To kick off the project, Ebay highlighted its 15 most trafficked parts of the site, which represent 98% of all user activity. So far, it has redesigned nearly half of them.

“This is a 30-year-old company next year. It’s important we don’t move all the furniture around at once and create chaos,” says Moore. “There’s no metaphorical toggle switch to say, ‘here’s the new design!’” 

Still, each addressed piece of site has received an significantly updated design language that’s grounded in modern responsive UX, white space, and a fresh grid system softened by plenty of radial corners.

Search results before (top) and after (bottom). [Images: Ebay]

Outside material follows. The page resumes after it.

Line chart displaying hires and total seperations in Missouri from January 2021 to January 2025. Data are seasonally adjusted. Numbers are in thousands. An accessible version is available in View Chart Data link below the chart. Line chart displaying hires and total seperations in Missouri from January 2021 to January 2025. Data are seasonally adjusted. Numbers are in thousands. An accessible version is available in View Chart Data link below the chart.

The most popular page—Ebay’s search results—offers the best evidence of this new approach, with every sharp corner sanded off of the experience. Ebay cut just a few lines of text off each listed result, but it makes a world of difference when you compare the before and after. Thankfully, the cuts include the urgent red text that used to mention how many any given item had sold (as if someone only bought a pair of shoes or a laptop because 879 other people had already).

Product page before (top) and after (bottom). [Image: Ebay]

That new listing page, with its big hero shot, looks strikingly similar to the popular shoe retail site StockX. Though in truth, it’s not all that different than the last version of Ebay. The anachronistic sidebar promising users that they can “shop with confidence” with links like “save this seller” has been removed, making more space for product. It looks like Ebay designers zoomed into the entire left hand side of the page—which is pretty much exactly what they did, as various links from that right bar were moved further down the page.

“We did intensive testing for customer sentiments and insight about what they want to see. It’s about reduction: [tuning] the noise to signal ratio,” says Moore. “But then, also, yes. Bringing bigger imagery to life was highly successful when tested.”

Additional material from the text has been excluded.